O documento ressalta ainda que é muito importante fortalecer a agência setorial,
visto que “um regulador comprometido em aplicar políticas de livre acesso é mais
importante do que a adoção formal da política”.
Sugestões
O estudo, então, sugere que a banda larga seja designada como serviço a ser
prestado no regime público e, portanto, sujeito a metas de universalização
compulsórias.
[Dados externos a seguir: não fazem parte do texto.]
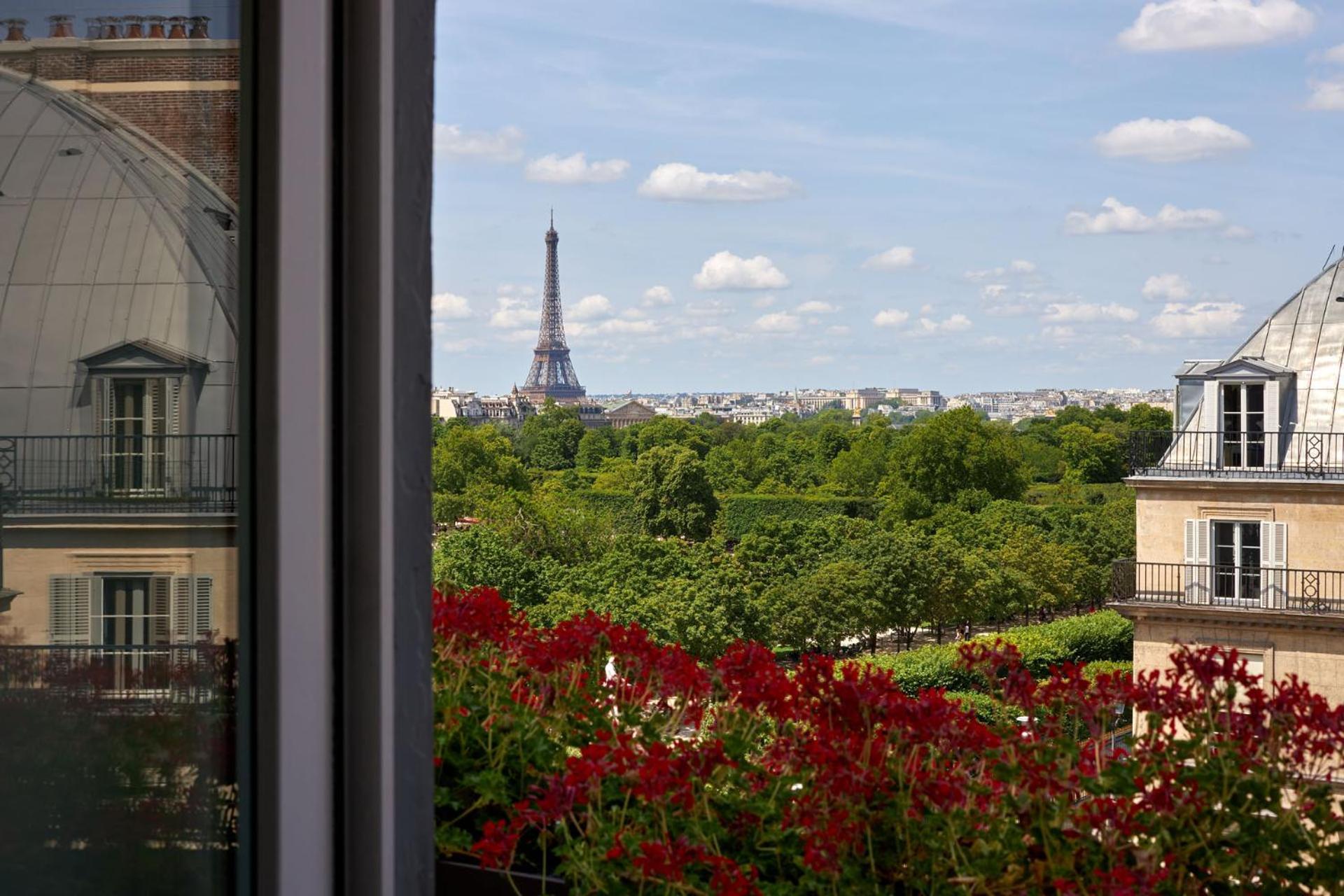 فندق ريجينا لوفر باريس المظهر الخارجي الصورة View of the Eiffel Tower from the window of a room at the hotel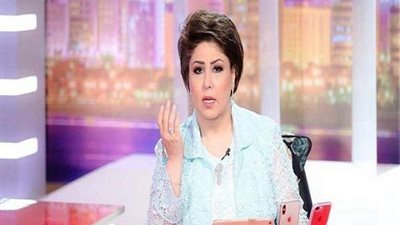 بهذه الكلمات.. فجر السعيد تطلب الدعاء لنادية العراقية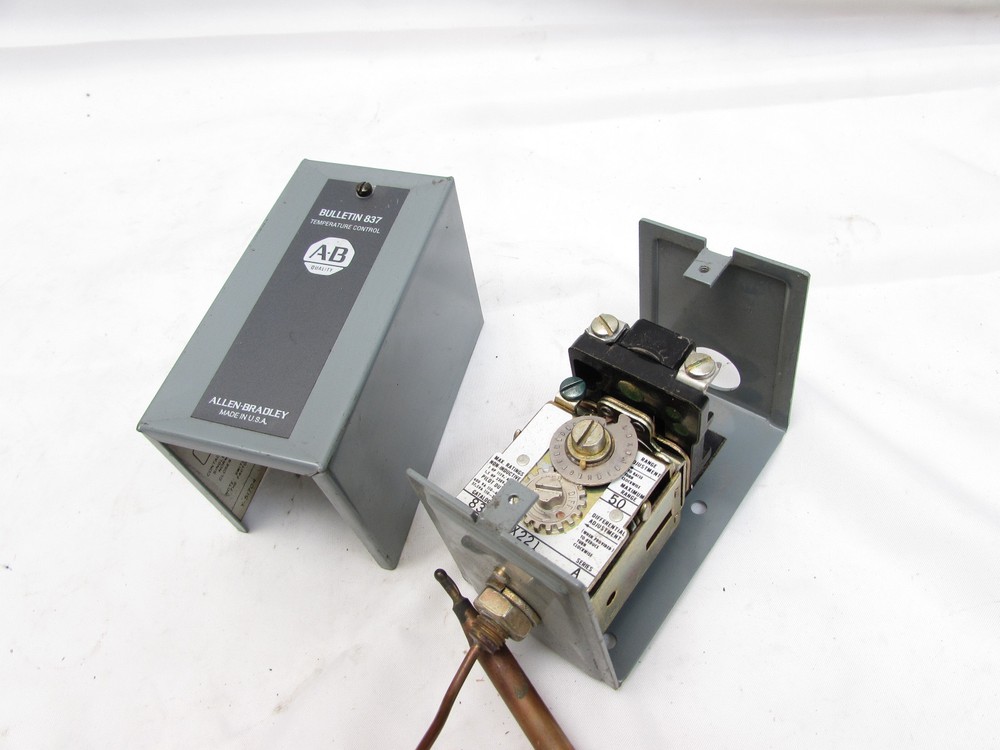 ALLEN BRADLEY 837-A2X221 TEMPERATURE CONTROLLER RANGE -60-50° ***XLNT***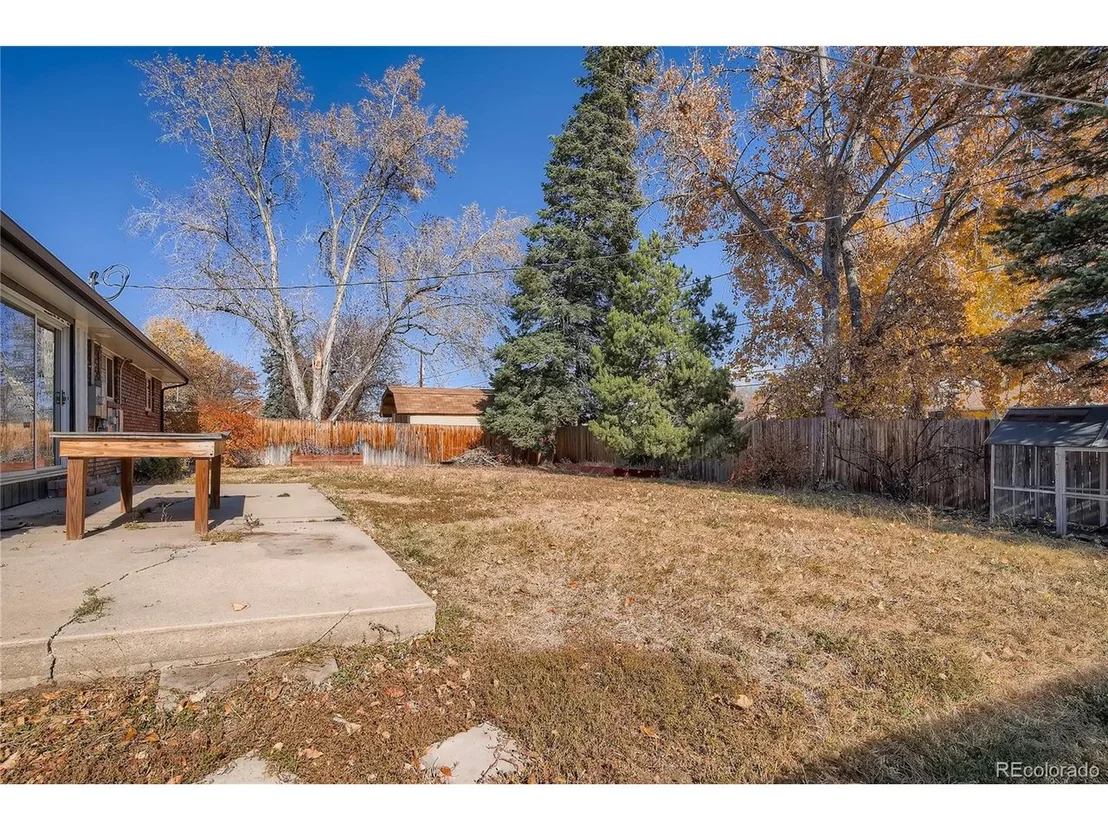 Photo of 6988 Carr Ct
Essa designação é outra omissão do governo Lula, que só veio a
tomar a iniciativa neste oitavo ano de administração, por razões eleitorais.
E, por fim, a sugestão óbvia de se utilizar na banda larga “os vultosos recursos
do Fundo Nacional de Universalização das Telecomunicações (FUST)” – que tem
sido, até aqui, pura e simplesmente surrupiado, como fonte de superávit
primário.
Quem lê e reflete sobre o conteúdo do documento do IPEA percebe de forma bem
clara a diferença entre um trabalho feito por profissionais, especialistas,
equilibrados e independentes, em contraposição à forma demagógica e
antidemocrática com que um grupo encastelado no poder está conduzindo a
elaboração do Plano Nacional de Banda Larga – tema da maior importância para o
futuro do País.
Por que não partir para um grande debate nacional, com a sociedade, com os
maiores especialistas, com o Congresso e com a mídia?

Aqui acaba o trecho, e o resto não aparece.